Los estadounidenses tampoco se han privado de escribir sobre su desencanto, desesperanza y ansiedad. El pesimismo es una parte bien reconocible del legado cultural estadounidense: la desafección por la sociedad de referencia y la huida, el aire autodestructivo de los personajes, la traición, las conspiraciones y profecías, la figura del criminal solitario y el crimen organizado, los héroes muy a su pesar o las comunidades abúlicas que resisten y sobreviven.

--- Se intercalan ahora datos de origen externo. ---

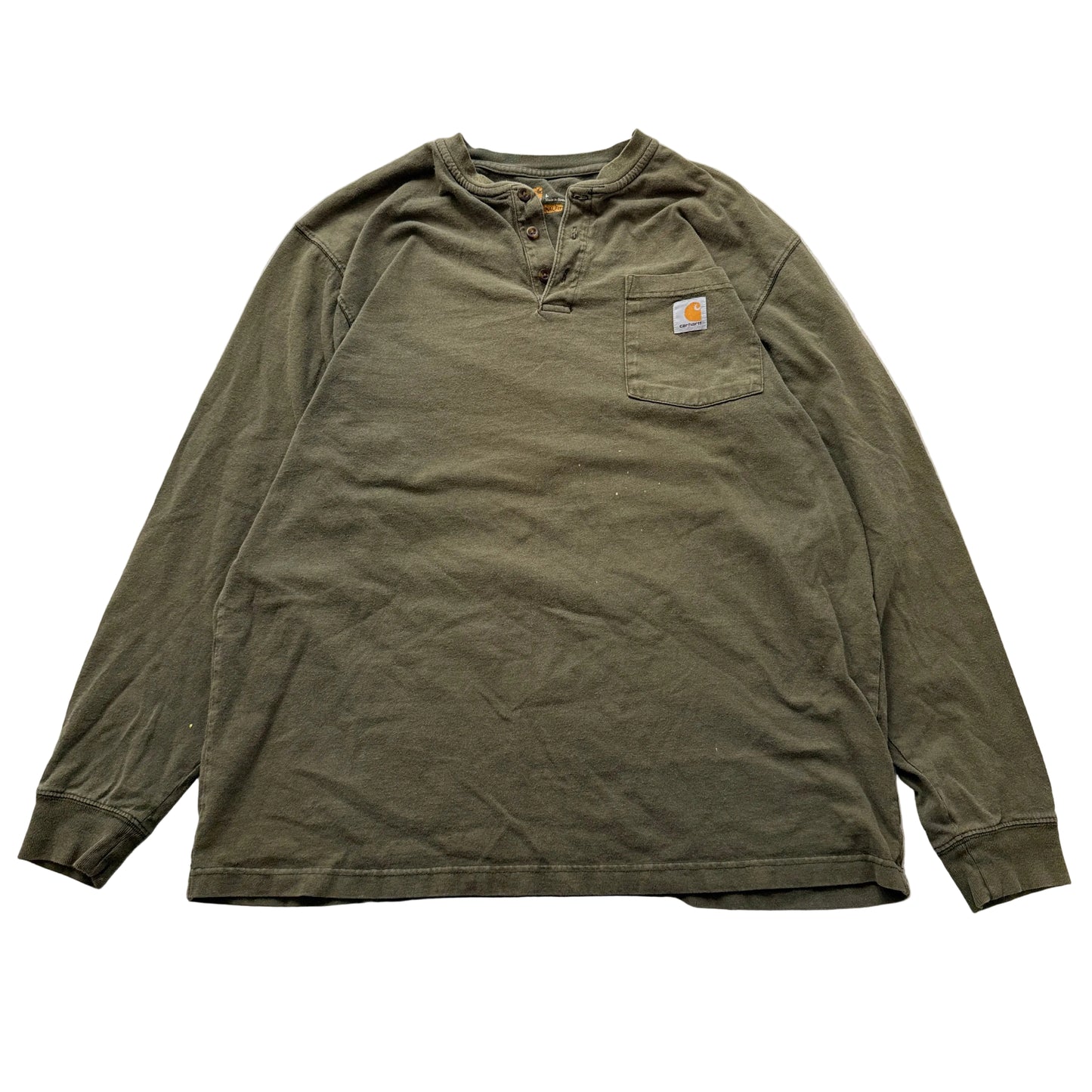 Carhartt Original Fit Men's Olive Cotton T-Shirt Long Sleeve Henley Neck Tee - L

El libro Las uvas de la ira de John Steinbeck (1939) empujaba al lector hasta la cotidianidad de asuntos universales como la guerra, el totalitarismo, el hambre, el desempleo, la desesperación… La ira de Steinbeck se rebajaba al sustrato de la experiencia con nombre propio. Steinbeck muestra que el dogma de la democracia americana es irrelevante (y hasta obsceno) cuando sus hijos caen en el camino muertos por el hambre.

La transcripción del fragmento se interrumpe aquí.